I went to a party with my husband the other night. I spent an hour getting ready, trying on several outfits, doing my make up and hair just right. As I'm walking down the stairs, my husbands turns off the TV and waits for me to come around the corner. Even though he does this every time we go out, I still am nervous with how he will receive me. Will he think I look ok? Do these pants give me a muffin top? Is my top too low-cut? His reassuring smile is all I need. We're out the door and for some reason, I'm still nervous. I keep checking myself in the mirror in the car. Asking him if he's sure I look alright. He already said I did, so what's the big deal?

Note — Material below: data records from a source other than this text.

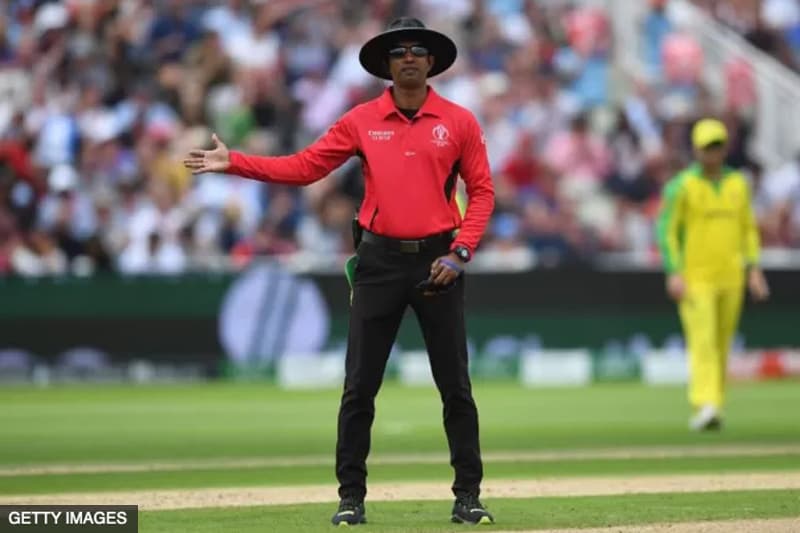 ලෝක කුසලාන ක්රිකට් විනිසුරන් අතරට තේරුණු ලංකාවේ 'උනන්දුවා'
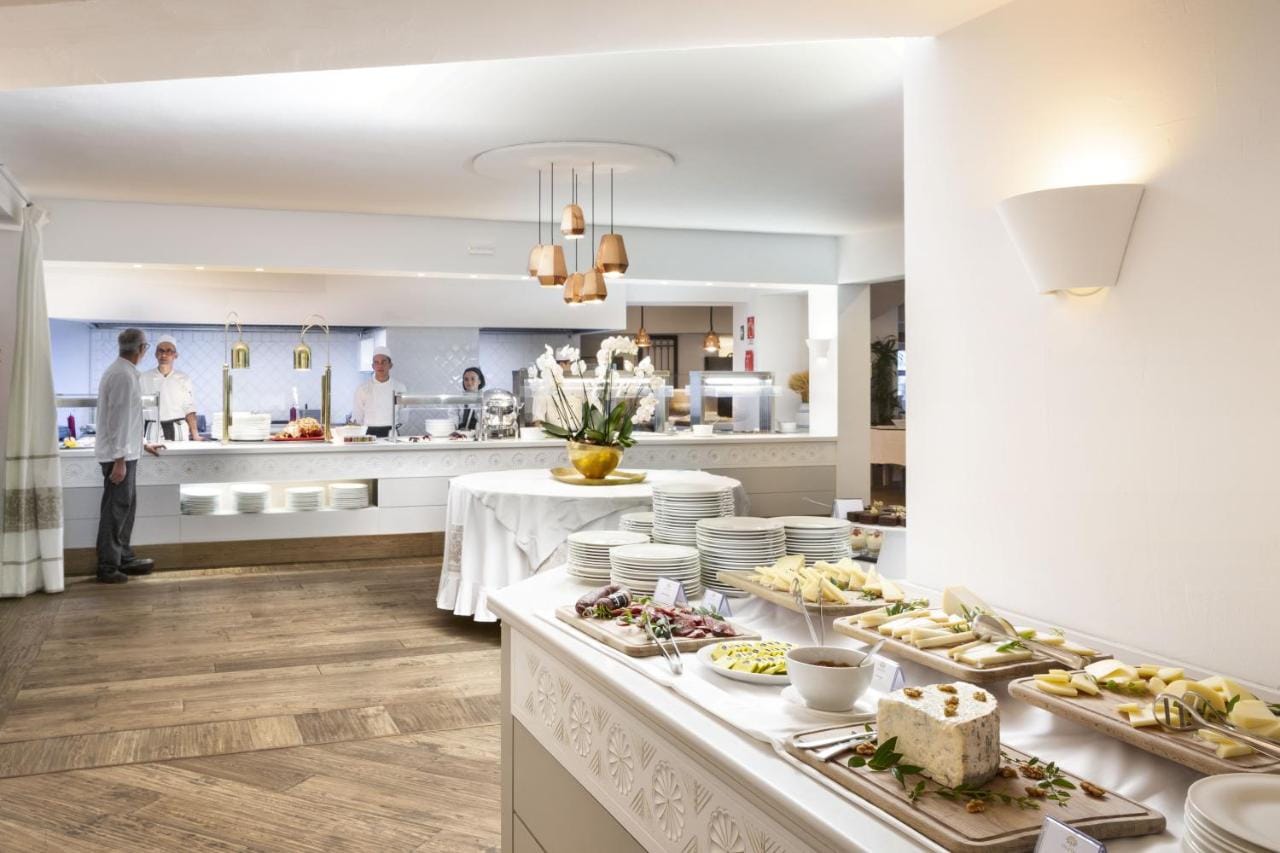 Przestrzeń jadalniana w hotelu Hotel Abi d'Oru, Porto Rotondo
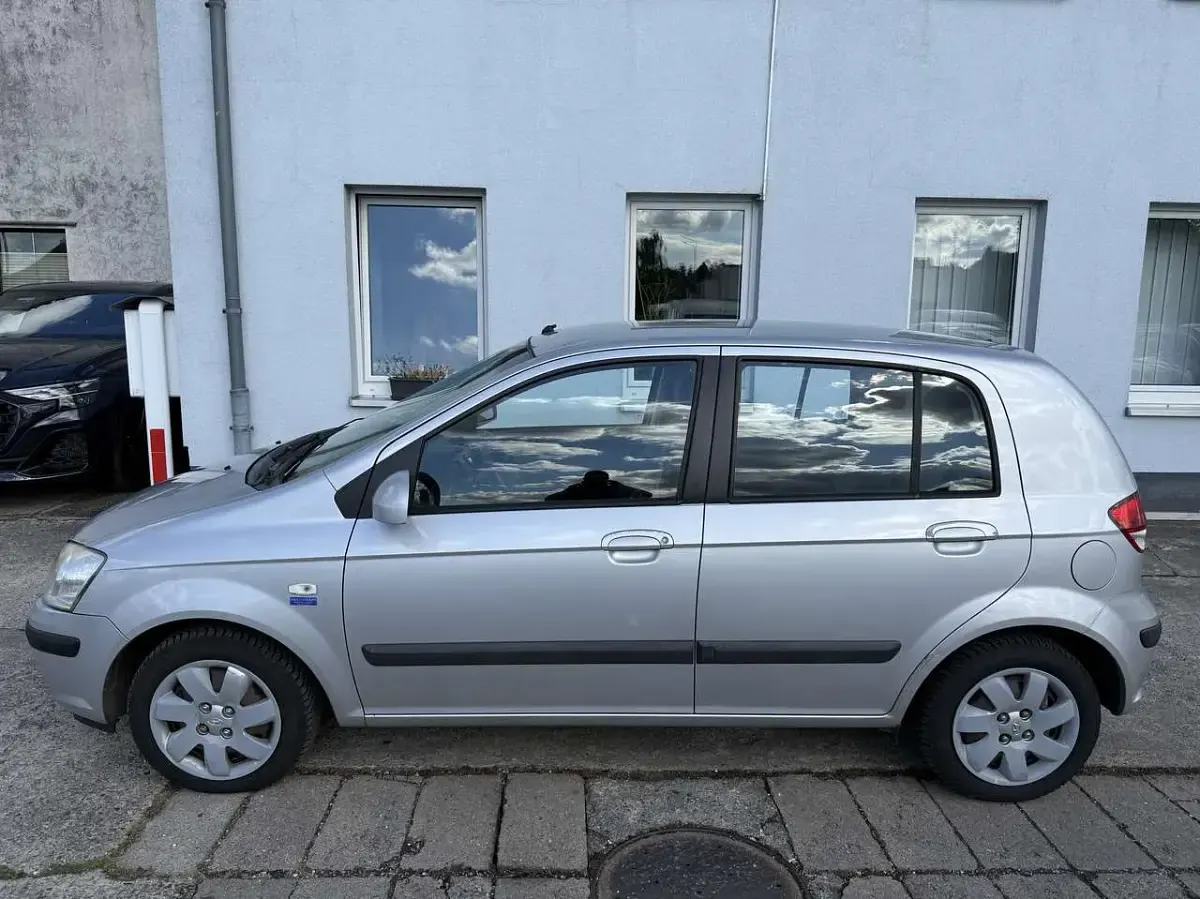 Gebraucht Hyundai Getz Basis 63 PS (46 kW) 2003 Starsilber iii m2 Kleinwagen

Aw, yes. We're about to spend an evening with several of his friends and colleagues. Many of them are very attractive and to be honest, I want to impress them. Correction: if I'm being honest, I want to walk into that room and feel desired by all the other men there. I want my husband to proud to say yep, she's with me. I want to feel like I'm a hard-to-come-by commodity. Does this make me shallow? Does it mean I don't love my husband? Absolutely not! I just want to feel wanted.
Do you ever feel like no one in the room wants you? I definitely have. When that happens, I feel like I'm a nobody and end up leaving the party feeling like I don't matter. Even though I wasn't there cruising for a date, I still like to know that I matter, that I'm desired. That I'm wanted. But that seriously blows.
When I'm able to acknolwedge this truth, it starts to take the power out of the situation. When I realize that it shouldn't matter what one of my husband's friends thinks of me, I take control. I can't look to others to determine how I feel about me. I can't even look to my husband for my self-worth. I have to take an inventory of who I am, what I've got to offer, and who I was created to be. Owning this will make me confident and confidence is sexy. Who thinks it's sexy? Who cares! As long as you are the one you want to go home with at the end of the night, that's all that matters.
So, to answer the question, who wants me? I do.